And in this case parameterCollections will be the input, e.g.,
Bind(datasetInfo), Bind(numClasses), ..., minSamplesSet?

> A FunctionType function will be an instance of a cross validation
> wrapper class with approximately such interface.
>  
>   template<typename CV, typename...BoundedArgs, int TotalArgs>
>   class CVFunction
>   {
>   public:
>     CVFunction(CV& cv, const BoundedArgs& ...boundedArgs);
> 
>     double Evaluate(const arma::mat& parameters);
>   };
> 
> During construction of a CVFunction object, we provide a cross
> validation object, a sequence of bounded arguments that should contain
> information about position in the argument list for the method
> Evaluate of the cross validation object, and total number of arguments
> that should be passed to the method Evaluate of the cross validation
> object.
> 
> With such design we can reuse GridSearch in other mlpack algorithms,
> as well as add support for other mlpack optimisers in a relatively
> simple way.
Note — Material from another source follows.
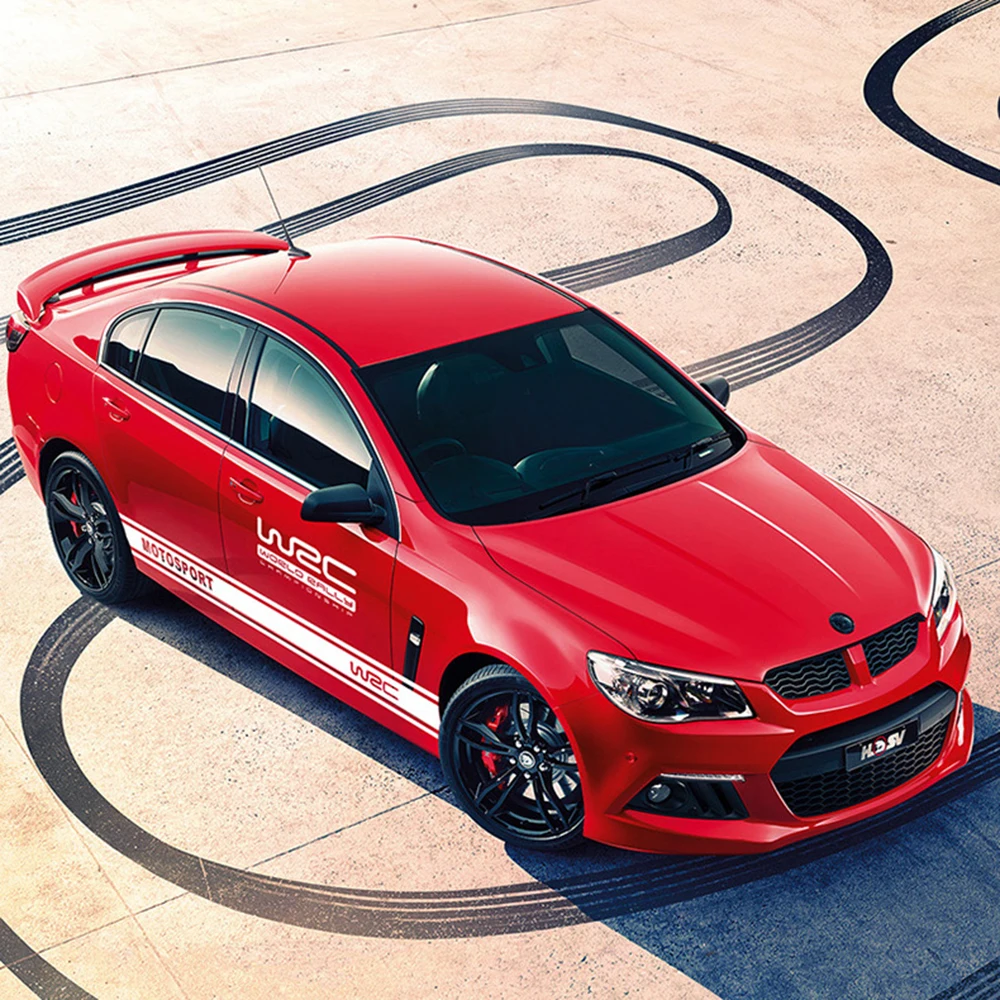 

4pcs/lot Race Long Stripe Car Stickers Auto Side Body Sports Vinyl Wrap WRC Decal Automobiles Car Accessories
For example, it should be relatively easy to add support
> for the GradientDescent optimiser with the following usage.
> 
>   HyperParameterTuner<SoftmaxRegression<>, Accuracy, KFoldCV>
>       softmaxTuner(data, labels);
> 
>   // initial value for lambda
>   double lambda = 0.001;
> 
>   // gradient descent parameters
>   double stepSize = 0.001;
>   size_t maxIterations = 20;
> 
>   double bestLambda;
>   std::tie(bestLambda) =
>       softmaxTuner.Optimize<GradientDescent>(Bind(numClasses), lambda,
>           OptimizerArg(stepSize), OptimizerArg(maxIterations));
> 
> Let me know what you think about the proposed idea.
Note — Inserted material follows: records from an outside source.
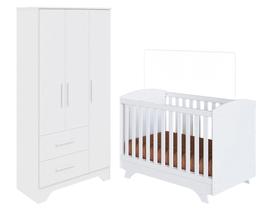 Berço Mini Cama Branco + Guarda-roupa de Bebê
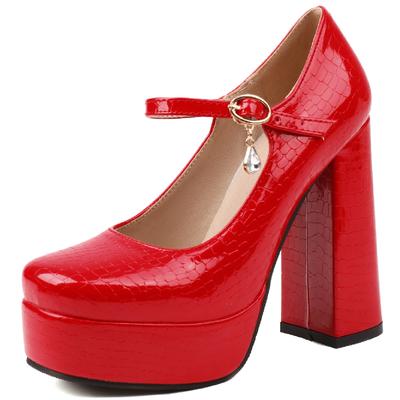 Women's High Heels Pumps Shoes Platform Elegant 2024 Ankle Straps Black Red Nude Heeled Dance Party Wedding Shoe Lady Large Size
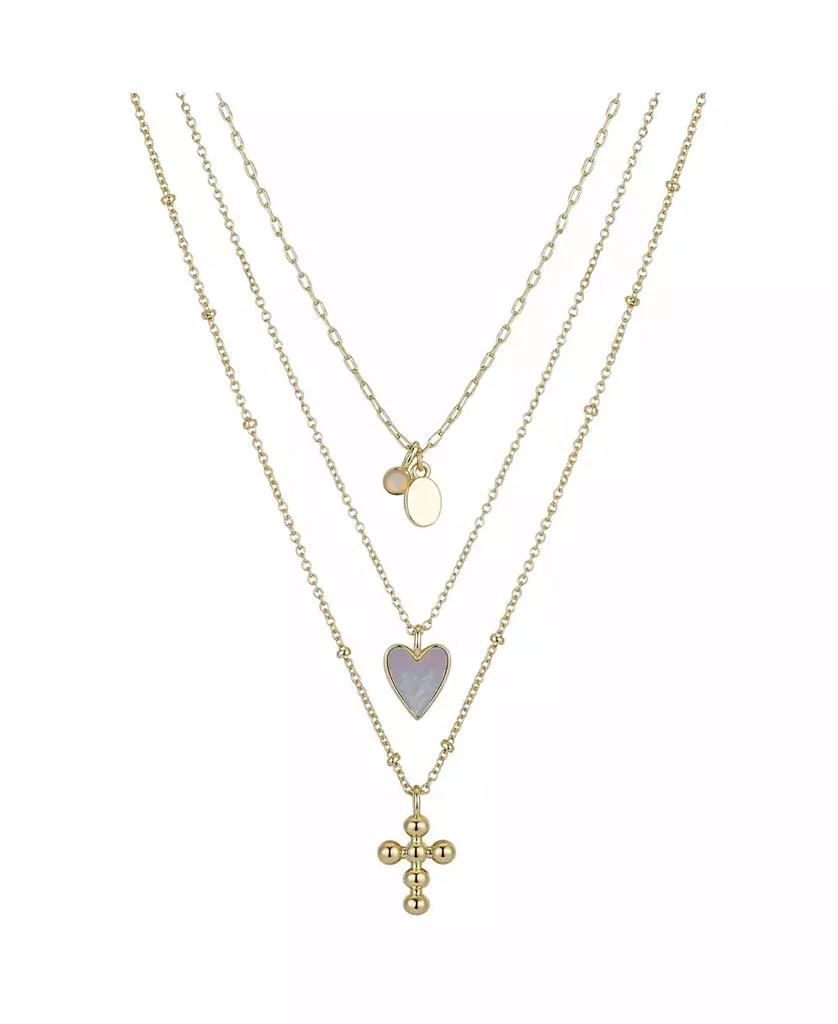 商品Unwritten|14K Gold Flash-Plated 3-Pieces Genuine Mother Of Pearl Heart and Cross Layered Pendants Set,价格¥112,第1张图片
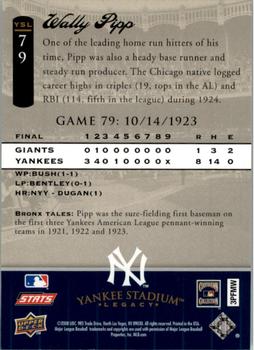 2008 Upper Deck Yankee Stadium Legacy #79 Wally Pipp Back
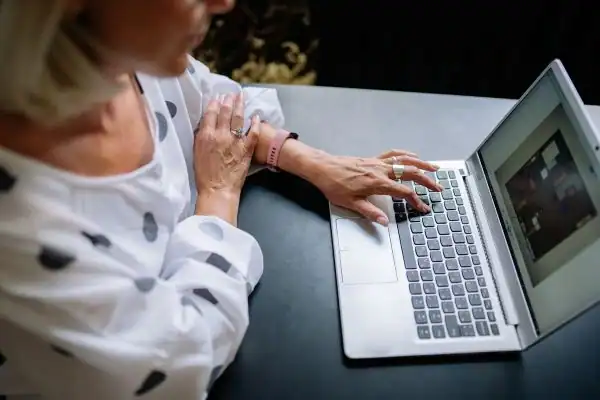Image of woman attending online mediation Eastbourne services from Barker Mediation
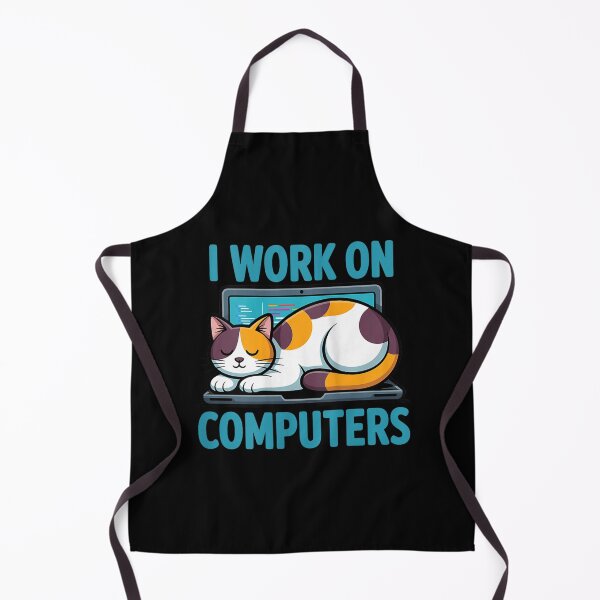 Item preview, I Work On Computers | Funny Cat Sleeping On Laptop IT Humor designed and sold by Alluka Brand.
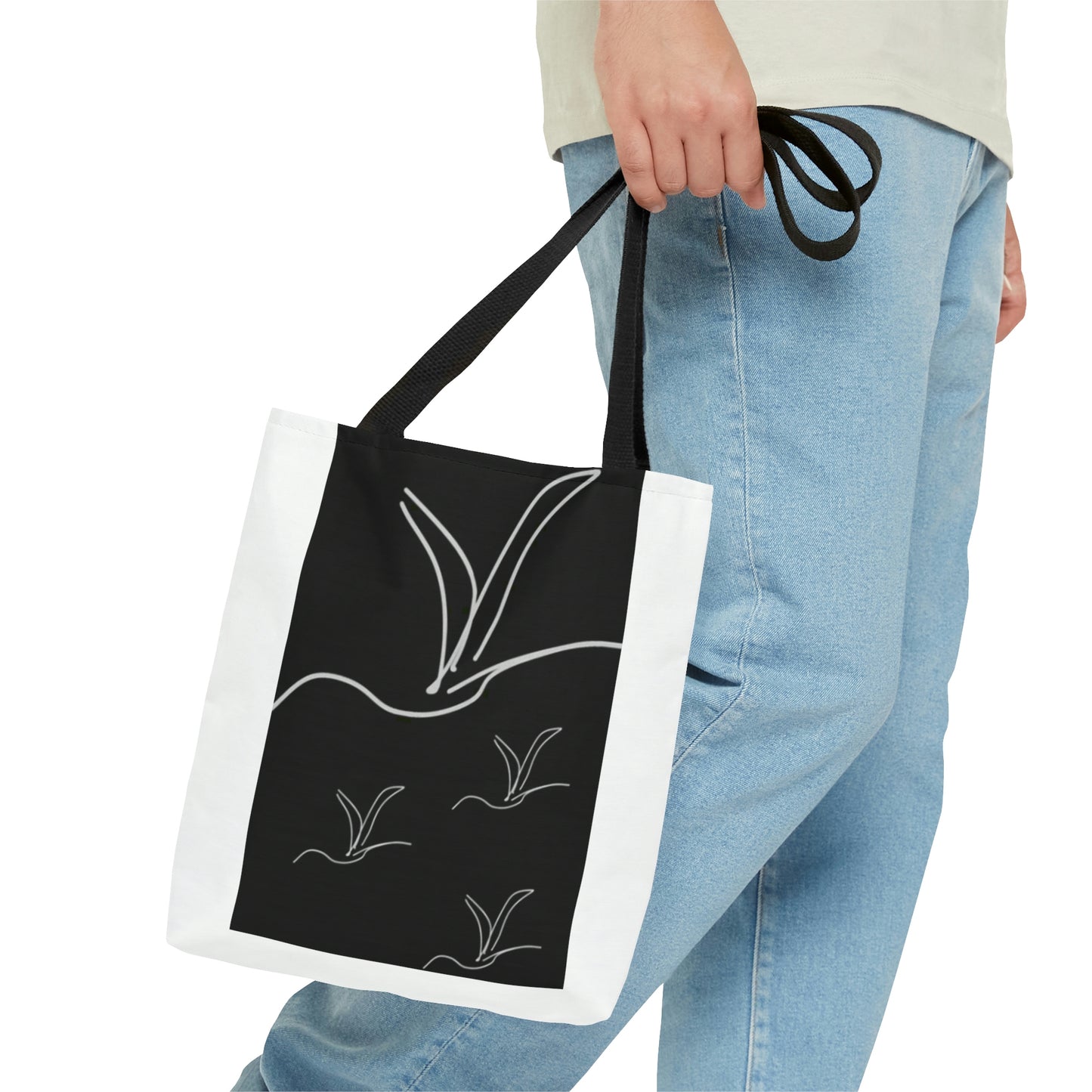 Origami/Flock- Tote Bag (AOP)- Black and White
Yes!  I like this.  The use of OptimizerArg() and Bind() to specify
which arguments can and cannot be optimized is a nice way to do this.

Assuming that the HyperParameterTuner is able to turn all of the
OptimizerArg()s into a coherent arma::mat to be optimized, we can use
any of the mlpack optimizers.

To your original question about the DecomposableFunctionType, generally
the idea for a DecomposableFunctionType is that you can express the
objective function as a sum of objective functions.  For the way SGD is
used for many machine learning problems, this is pretty true: the
objective function is a sum of objectives over each data point.  This
could also be true for hyperparameter optimization: one simply
calculates the objective function on an individual point.

So it would be possible to do something like using MiniBatchSGD in order
to perform hyperparameter optimization, but only using a subset of the
data points before each calculation of the objective and gradient.

Usually it is pretty easy to take a FunctionType and turn it into a
DecomposableFunctionType (if the objective function is indeed
decomposable) so I think it should not present much challenge to adapt
the CVFunction (or whatever else might be used there) to this situation.

Let me know if that makes sense.  I can clarify further if you like.  I
am excited with where this discussion is going; I think there are some
real neat possibilities for mlpack to provide some nice functionality
that no other package does here.

-- 
Ryan Curtin    | "Weeee!"
ryan at ratml.org |   - Bobby